Les supporters de la Roma ont adoré Mourinho tout au long de son mandat, mais il s'est plaint à plusieurs reprises qu'aucune personnalité ne défendait ce qu'il considérait comme un traitement injuste de la part des médias et des autorités.

Ses commentaires ressemblaient également à s'en prenant une fois de plus à l'ancien directeur sportif de la Roma, Tiago Pinto.

« Ils sentent que je donne tout. En raison de ma personnalité, je serai toujours plus qu’un entraîneur. Dans certaines structures de club, il faut être l'entraîneur, puis le directeur technique, puis le directeur de la communication, puis l'image qui défend le club, les joueurs et c'est quelque chose que les gens réalisent.

« Mais en même temps, c'est quelque chose qu'un entraîneur n'aime pas.
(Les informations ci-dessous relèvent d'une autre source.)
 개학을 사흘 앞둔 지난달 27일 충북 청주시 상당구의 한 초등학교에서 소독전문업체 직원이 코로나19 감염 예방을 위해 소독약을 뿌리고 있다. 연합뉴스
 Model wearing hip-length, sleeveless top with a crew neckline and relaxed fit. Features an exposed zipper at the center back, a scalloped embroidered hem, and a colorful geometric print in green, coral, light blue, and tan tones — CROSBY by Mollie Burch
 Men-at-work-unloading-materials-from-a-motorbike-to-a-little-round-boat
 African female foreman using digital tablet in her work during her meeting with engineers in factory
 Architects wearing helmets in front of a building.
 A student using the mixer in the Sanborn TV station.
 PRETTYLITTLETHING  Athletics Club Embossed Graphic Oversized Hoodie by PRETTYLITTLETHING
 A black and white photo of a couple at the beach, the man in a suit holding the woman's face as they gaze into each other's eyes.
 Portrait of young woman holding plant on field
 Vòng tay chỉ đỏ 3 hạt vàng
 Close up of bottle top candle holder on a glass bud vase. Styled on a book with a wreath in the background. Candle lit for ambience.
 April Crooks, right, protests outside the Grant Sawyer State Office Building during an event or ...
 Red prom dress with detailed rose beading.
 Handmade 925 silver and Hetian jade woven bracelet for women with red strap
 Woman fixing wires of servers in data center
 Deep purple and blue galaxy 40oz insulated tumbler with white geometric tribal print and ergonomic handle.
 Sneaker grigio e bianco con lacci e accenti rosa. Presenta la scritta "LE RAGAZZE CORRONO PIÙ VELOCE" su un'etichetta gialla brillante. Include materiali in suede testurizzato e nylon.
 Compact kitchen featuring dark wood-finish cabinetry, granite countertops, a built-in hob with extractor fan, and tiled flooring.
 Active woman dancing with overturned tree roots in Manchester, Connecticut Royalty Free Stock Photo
Ce que je veux être, c'est être entraîneur. Le scénario idéal est celui où le club dispose d'une structure qui permet à l'entraîneur d'être l'entraîneur, sur le terrain, sur le terrain d'entraînement, dans les vestiaires, sur la ligne de touche.

«J'étais l'entraîneur de Inter Milan, j'étais l'entraîneur du Real Madrid, j'étais l'entraîneur lors de mon premier passage à Chelsea. J'étais entraîneur à Porto. Dans certains autres clubs, je n'étais pas entraîneur.

« C'est très difficile pour un entraîneur. Mais dans chaque club de football où je travaille, ils voient que je porte le maillot et je me bats pour eux.

Mourinho a déclaré qu'il avait refusé des propositions massives afin de pouvoir respecter son engagement à Rome.

« J'ai eu la porte ouverte deux fois avec le Portugal, s'il vous plaît venez et la place est à vous. Une fois, quand j'étais au Real Madrid, mon objectif était d'être entraîneur du Portugal à temps partiel. J'ai réalisé que lorsque le président Florentino Pérez a dit que ce n'était pas possible, c'était la fin.

« La deuxième fois, est-ce que je regrette de ne pas l'avoir pris, car j'ai été limogé quelques mois plus tard à Rome ? Je ne regrette pas. Parce que la raison pour laquelle je n'ai pas accepté, j'en suis content. Donc je ne regrette pas.

« Si vous me dites avant la Coupe du monde, l'Euro, la Copa America, la Coupe d'Afrique d'entraîner une équipe nationale, je dis oui. Mais deux ans d'attente, je ne suis pas sûr que j'en profiterais.

Quant à la lucrative Saudi Pro League, c'est un autre poste que Mourinho a refusé parce qu'il était sous contrat à la Roma.

« Cristiano Ronaldo a ouvert la porte à cette ligue. Bien sûr, l'offre était économiquement importante, mais j'ai refusé parce que la Roma, le football européen, les objectifs, l'engagement étaient plus importants pour moi.

« Si vous me le demandez à l’avenir, l’expérience m’a appris à dire ne jamais dire jamais. Je suis en Arabie Saoudite pour regarder la boxe, la Formule 1, rencontrer des amis, je ne suis pas là pour signer un contrat.

"J'ai le temps jusqu'à la fin de la saison pour prendre la bonne décision pour moi."